## Work to complete
Please repeat exactly, and only, the lines from the one containing "Nike Tiger Woods" through the end of the records below, with no pictures.

[Web page caption snippets]
· · · · ·
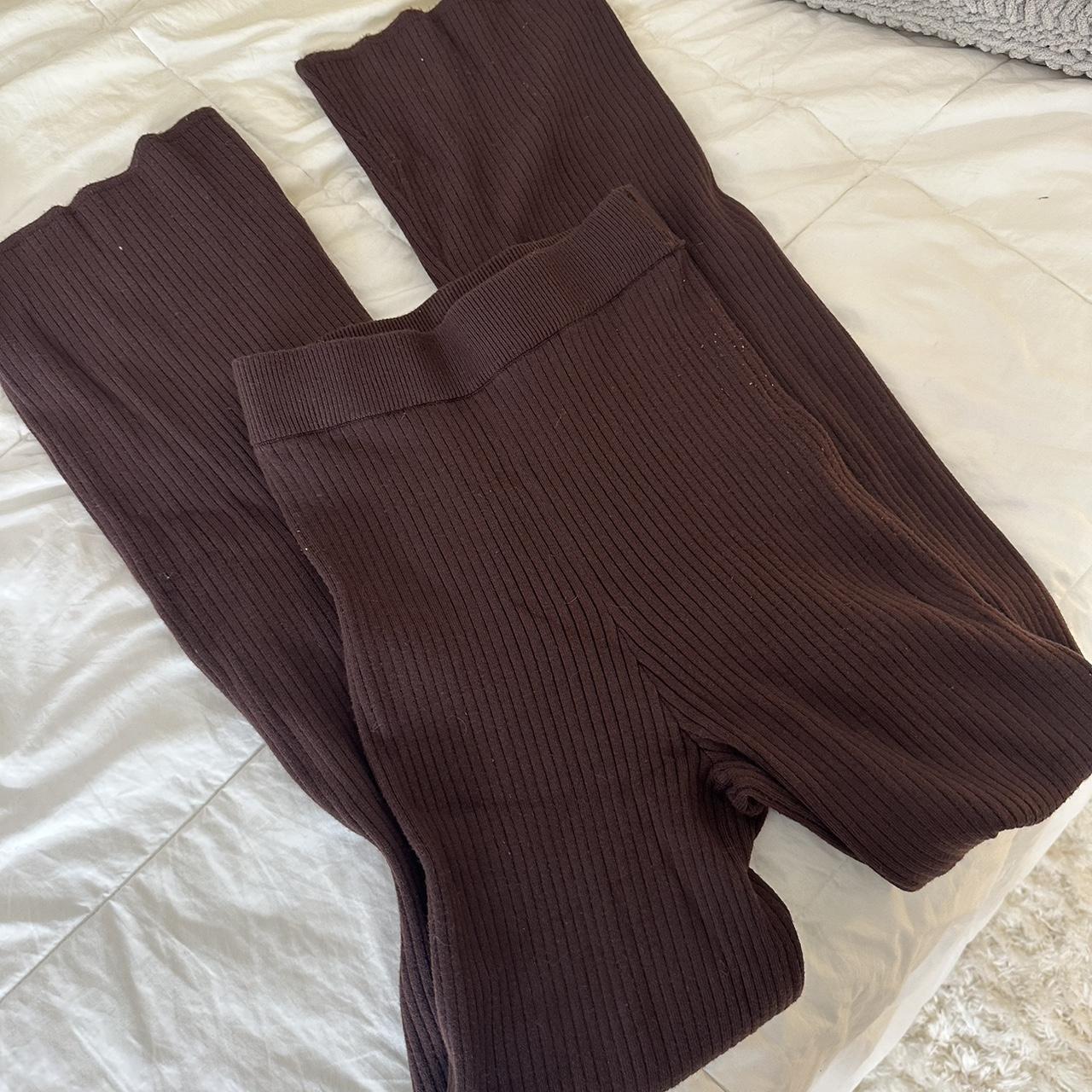 meshki brown leggings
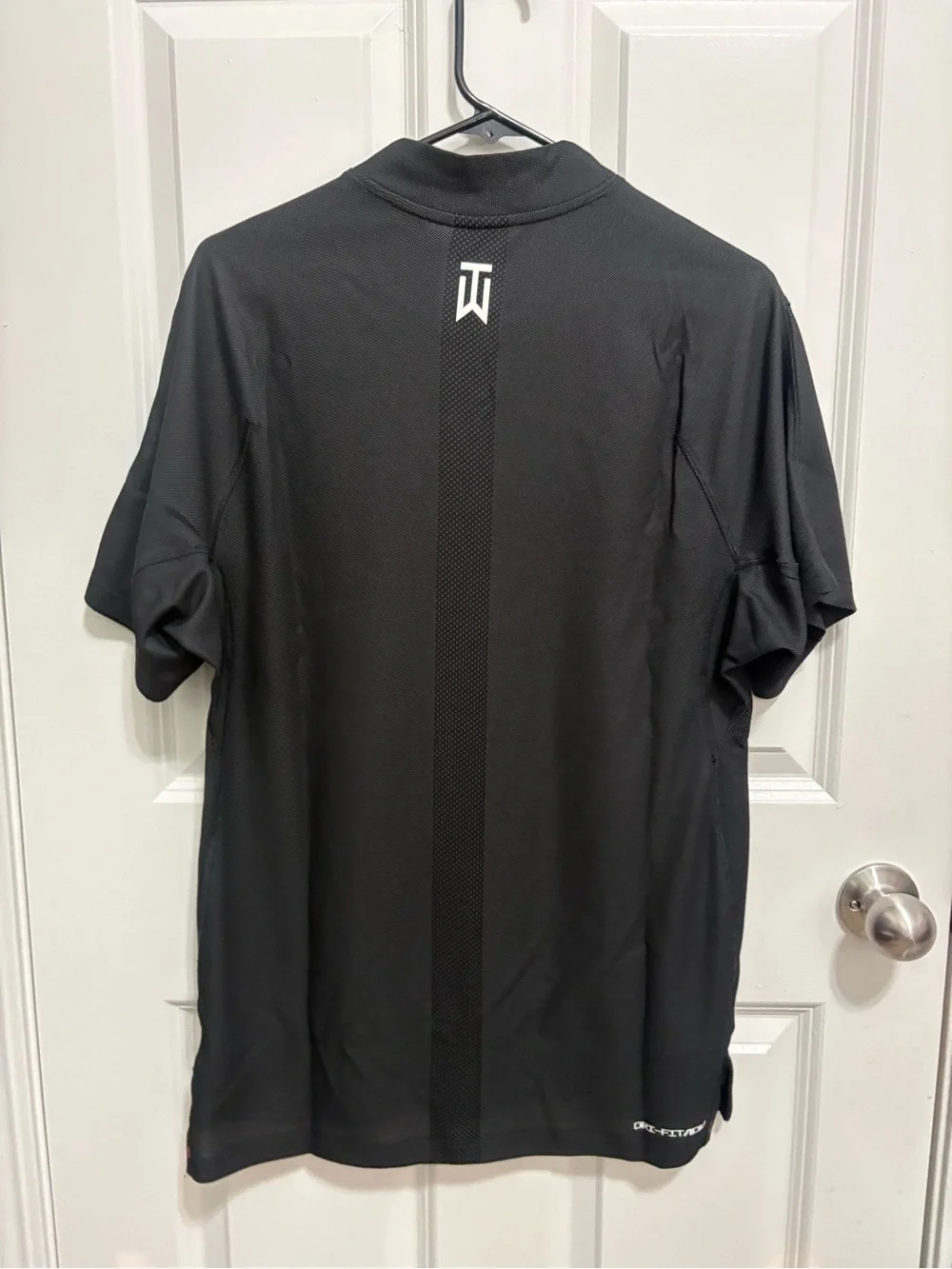 Nike Tiger Woods Collection Golf Shirt Mens Small Black Mock Neck CT6078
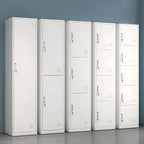 Slim Metal Storage Wardrobe With Lockable Doors And Modular Interior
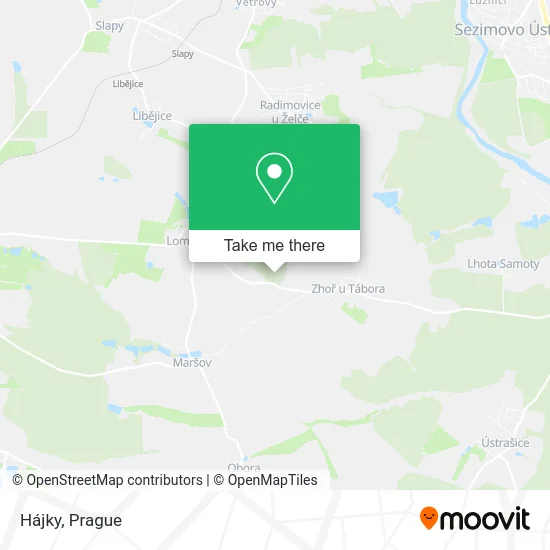 Карта Hájky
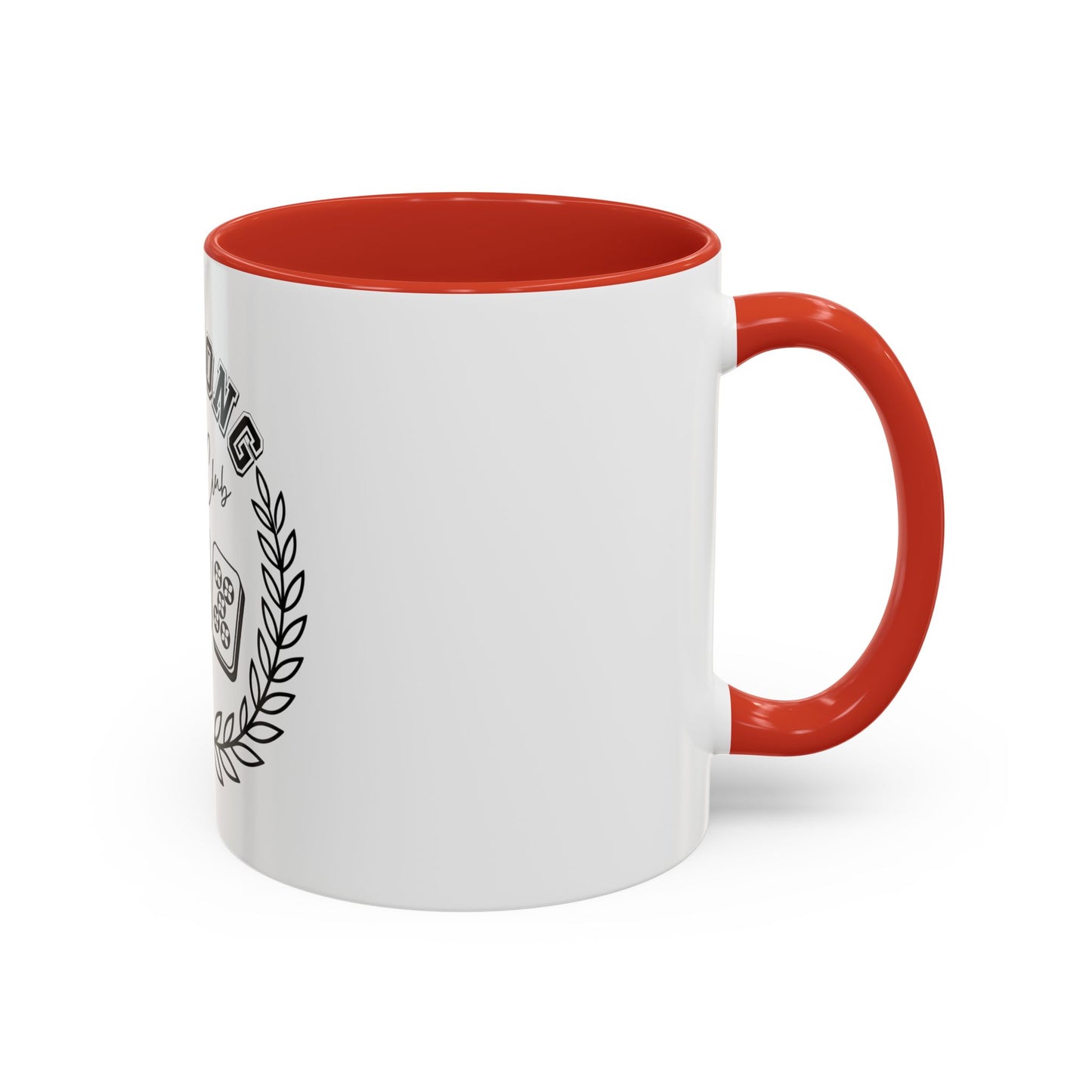 Mahjong Social Club Accent Coffee Mug — Mahjong Tiles Tea Cup (11/15oz)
· · · · ·
## Solution to this problem
 Nike Tiger Woods Collection Golf Shirt Mens Small Black Mock Neck CT6078
 Slim Metal Storage Wardrobe With Lockable Doors And Modular Interior
 Карта Hájky
 Mahjong Social Club Accent Coffee Mug — Mahjong Tiles Tea Cup (11/15oz)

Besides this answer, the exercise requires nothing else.